Retomando a nota do Ministério da Saúde que logo no início alerta que as "estratégias de resposta brasileira ao HIV não será prejudicada. Ampliação da assistência e a melhoria do diagnóstico são ações que continuarão sendo adotadas pelo novo departamento". Assim, entendo que as ações de assistência, como por exemplo a distribuição gratuita de medicamentos, irá continuar, apesar que desde 2016, estamos tendo crises de abastecimento de antirretrovirais em diversos estados do Brasil. Mas o que chama atenção é a ausência da discussão da prevenção nesse debate. As estratégias de prevenção atuais buscam combinar intervenções estruturais, comportamentais e biomédicas usando, por exemplo, a Profilaxia Pós-Exposição – PEP e a Profilaxia Pré-Exposição – PrEP, denominadas de Prevenção Combinada.

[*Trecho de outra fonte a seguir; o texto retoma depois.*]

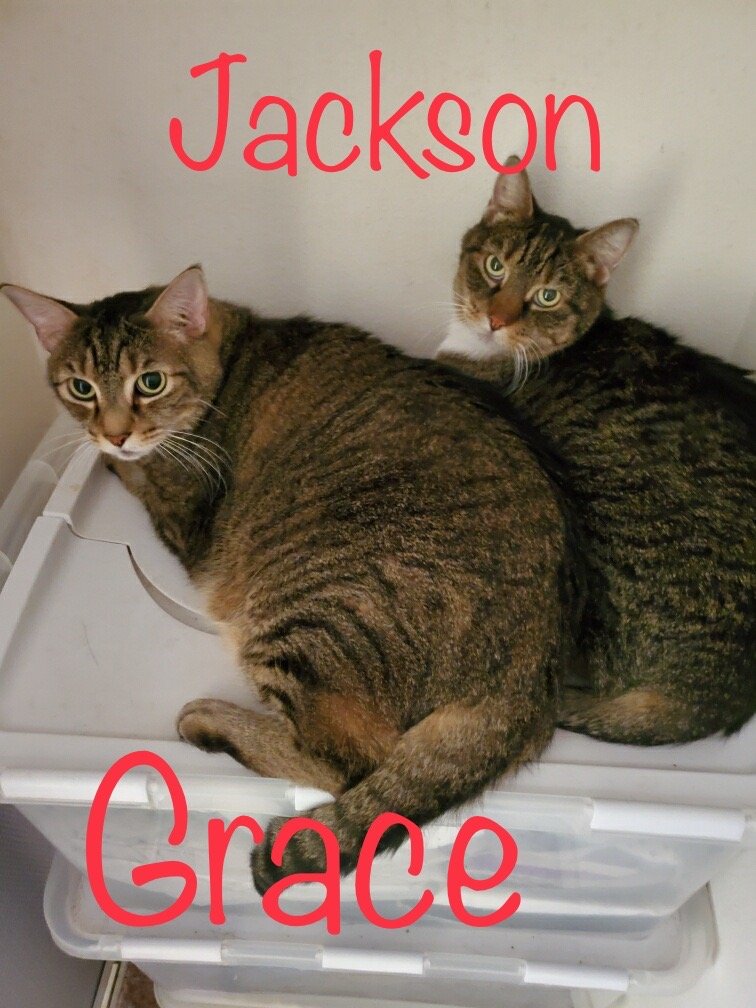 adoptable Cat in Longwood, FL named Grace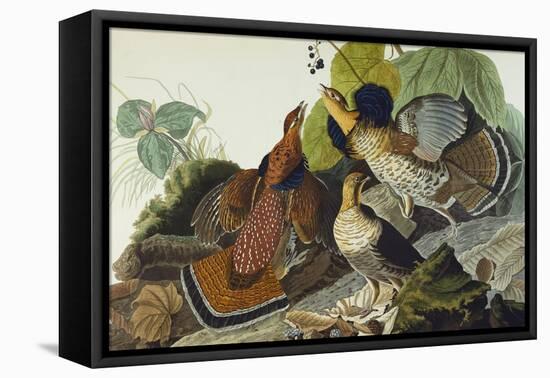 Ruffed Grouse (Tetrao Umbellus), Plate Xli, from 'The Birds of America'-John James Audubon-Framed Premier Image Canvas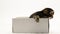 Little kitten climb out of cardboard box. Curious playful funny striped kitten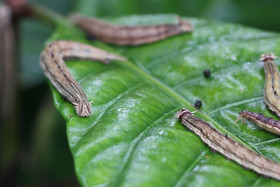 Punta Culebra Nature Center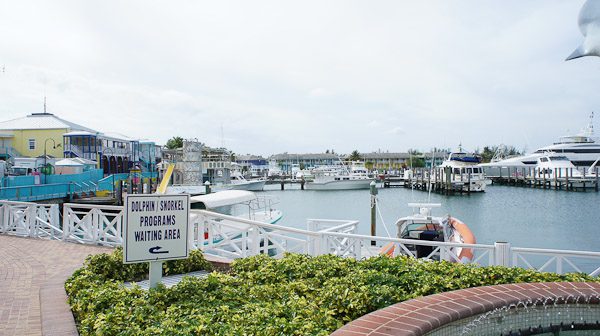 Visiting Grand Bahama Island - Marina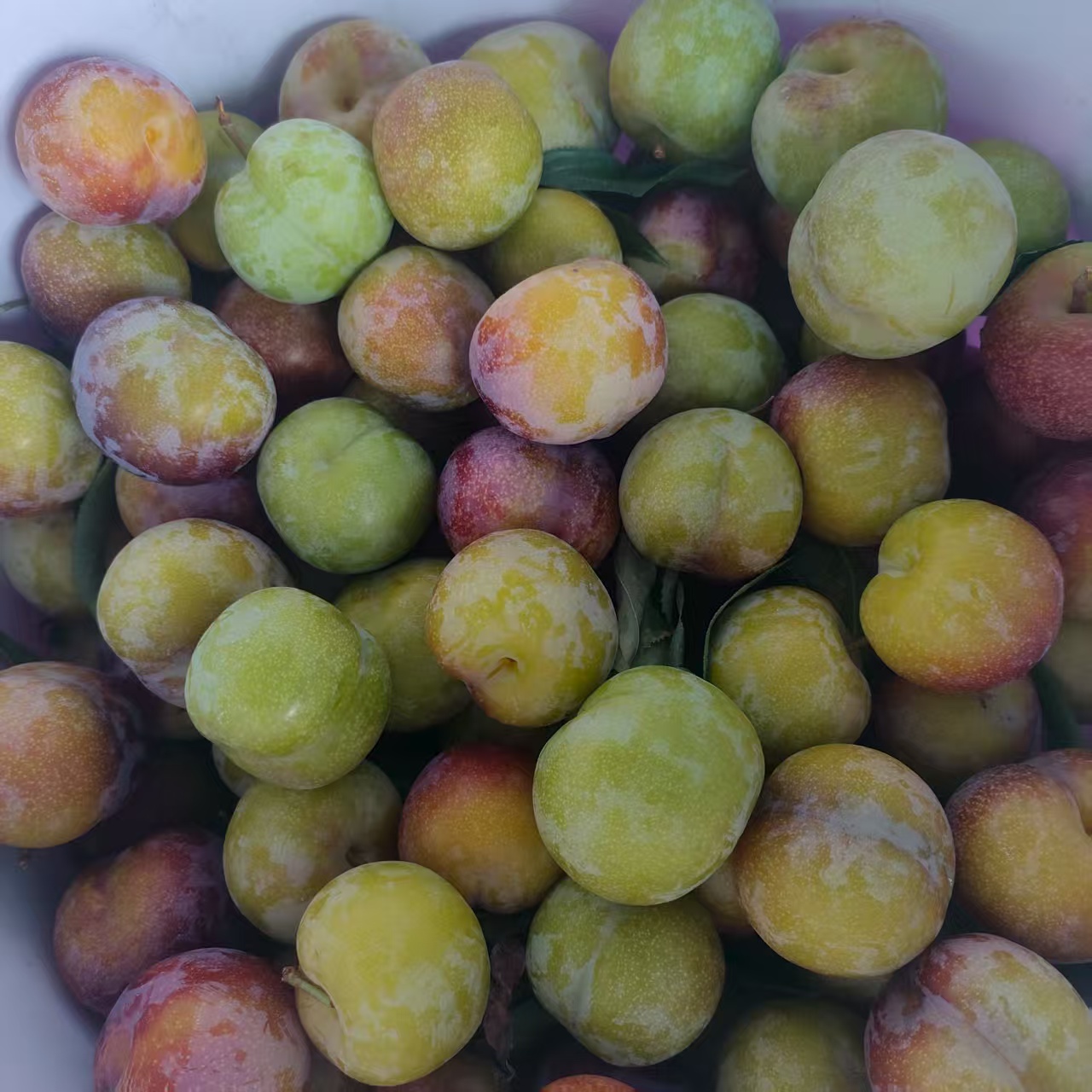 脱骨凤凰李子新鲜应季水果脆甜爽口肉厚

Sabemos que essas estratégias foram criticadas por parte do movimento social por acreditar que o destaque era nas estratégias biomédicas em detrimento as ações comportamentais. Com essas mudanças e com o foco, cada vez mais, no diagnóstico precoce, onde ficará as ações de prevenção comportamentais, sociais e programáticas? Haverá recursos para garantir a oferta de antirretrovirais para as pessoas vivendo com HIV/aids e para as ações de PEP e PrEP, lembrando que a oferta dessas tecnologias de prevenção é prioritária para gays, travestis, transexuais e profissionais do sexo, pessoas que na atual gestão federal estão sendo invisibilizadas.

Quero concluir trazendo para a cena o texto do colega Carlos Henrique de Oliveira do coletivo Loka de Efarirenz: "Achille Mbembe, filósofo camaronês, já vem colocando que a soberania de um Estado neoliberal se funda no poder de morte sobre as populações, e não no poder de vida. O desmonte do SUS é uma forma sofisticada de aumentar a política de morte das populações negra, pobre e LGBTI+ do Brasil, através da total desassistência à saúde, somada ao grande adoecimento provocado pelo saneamento básico deficitário e os bolsões de pobreza cada vez mais frequentes devido ao aumento da desigualdade social. Ademais, com a compra de fuzil podendo ser feita por qualquer um, a tendência é que a lógica de Milícias como poder local, nas periferias, tende a aumentar, e a se somar a já dramática conjuntura de genocídio da população negra e pobre, engendrado pela Polícia e o crime organizado.vPortanto, fiquemos atentas e atentos. Querem nos matar de distintas formas. Não deixaremos! O SUS é nosso, e precisamos mantê-lo, resistir agora é fundamental para poder existir".

Adriano Henrique Caetano Costa é doutor em Saúde Coletiva pelo Programa de Pós-Graduação em Saúde Coletiva da Universidade do Vale do Rio dos Sinos (UNISINOS).